▶ _Requirement_
From the data below, set down exactly the lines between the one holding "Coliseum cozy flat" and the one holding "Finalmente, Sukerman reconoció", inclusive, and no others.

⁂

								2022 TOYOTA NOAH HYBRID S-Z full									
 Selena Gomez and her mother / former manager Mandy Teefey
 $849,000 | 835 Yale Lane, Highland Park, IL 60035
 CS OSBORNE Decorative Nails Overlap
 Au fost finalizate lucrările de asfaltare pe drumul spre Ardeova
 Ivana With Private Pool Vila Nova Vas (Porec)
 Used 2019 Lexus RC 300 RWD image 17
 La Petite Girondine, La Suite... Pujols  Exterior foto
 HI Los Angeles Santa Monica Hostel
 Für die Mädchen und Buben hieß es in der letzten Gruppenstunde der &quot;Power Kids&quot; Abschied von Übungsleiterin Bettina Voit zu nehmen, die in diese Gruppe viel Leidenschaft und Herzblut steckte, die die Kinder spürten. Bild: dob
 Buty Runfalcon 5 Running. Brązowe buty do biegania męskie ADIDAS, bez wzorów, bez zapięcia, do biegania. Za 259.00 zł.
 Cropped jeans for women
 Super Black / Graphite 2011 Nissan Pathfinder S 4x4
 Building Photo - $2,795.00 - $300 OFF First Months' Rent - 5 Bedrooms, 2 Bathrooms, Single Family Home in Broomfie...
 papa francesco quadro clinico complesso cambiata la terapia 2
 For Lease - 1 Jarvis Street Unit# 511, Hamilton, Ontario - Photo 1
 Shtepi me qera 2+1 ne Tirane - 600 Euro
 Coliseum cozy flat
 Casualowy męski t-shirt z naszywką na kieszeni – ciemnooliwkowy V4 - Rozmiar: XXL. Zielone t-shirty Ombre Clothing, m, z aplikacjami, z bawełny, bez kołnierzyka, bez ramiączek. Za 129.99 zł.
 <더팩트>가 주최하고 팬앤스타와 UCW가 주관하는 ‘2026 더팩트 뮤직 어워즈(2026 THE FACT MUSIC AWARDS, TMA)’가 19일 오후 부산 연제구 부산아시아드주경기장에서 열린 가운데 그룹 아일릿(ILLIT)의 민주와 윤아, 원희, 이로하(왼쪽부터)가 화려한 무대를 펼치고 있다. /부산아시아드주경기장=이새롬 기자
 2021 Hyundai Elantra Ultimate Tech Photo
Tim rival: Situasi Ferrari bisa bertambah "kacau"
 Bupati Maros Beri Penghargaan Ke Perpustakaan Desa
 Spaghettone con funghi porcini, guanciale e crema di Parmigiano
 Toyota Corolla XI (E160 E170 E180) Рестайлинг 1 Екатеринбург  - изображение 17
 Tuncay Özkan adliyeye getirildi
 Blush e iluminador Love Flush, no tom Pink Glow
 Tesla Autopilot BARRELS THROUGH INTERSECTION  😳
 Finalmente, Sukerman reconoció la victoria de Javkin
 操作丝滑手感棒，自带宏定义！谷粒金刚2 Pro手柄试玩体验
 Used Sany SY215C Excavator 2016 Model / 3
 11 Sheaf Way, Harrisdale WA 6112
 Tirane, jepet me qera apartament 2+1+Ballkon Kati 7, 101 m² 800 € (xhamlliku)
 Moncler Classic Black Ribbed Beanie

⁂

▶ _Response to this task_
 Coliseum cozy flat
 Casualowy męski t-shirt z naszywką na kieszeni – ciemnooliwkowy V4 - Rozmiar: XXL. Zielone t-shirty Ombre Clothing, m, z aplikacjami, z bawełny, bez kołnierzyka, bez ramiączek. Za 129.99 zł.
 <더팩트>가 주최하고 팬앤스타와 UCW가 주관하는 ‘2026 더팩트 뮤직 어워즈(2026 THE FACT MUSIC AWARDS, TMA)’가 19일 오후 부산 연제구 부산아시아드주경기장에서 열린 가운데 그룹 아일릿(ILLIT)의 민주와 윤아, 원희, 이로하(왼쪽부터)가 화려한 무대를 펼치고 있다. /부산아시아드주경기장=이새롬 기자
 2021 Hyundai Elantra Ultimate Tech Photo
Tim rival: Situasi Ferrari bisa bertambah "kacau"
 Bupati Maros Beri Penghargaan Ke Perpustakaan Desa
 Spaghettone con funghi porcini, guanciale e crema di Parmigiano
 Toyota Corolla XI (E160 E170 E180) Рестайлинг 1 Екатеринбург  - изображение 17
 Tuncay Özkan adliyeye getirildi
 Blush e iluminador Love Flush, no tom Pink Glow
 Tesla Autopilot BARRELS THROUGH INTERSECTION  😳
 Finalmente, Sukerman reconoció la victoria de Javkin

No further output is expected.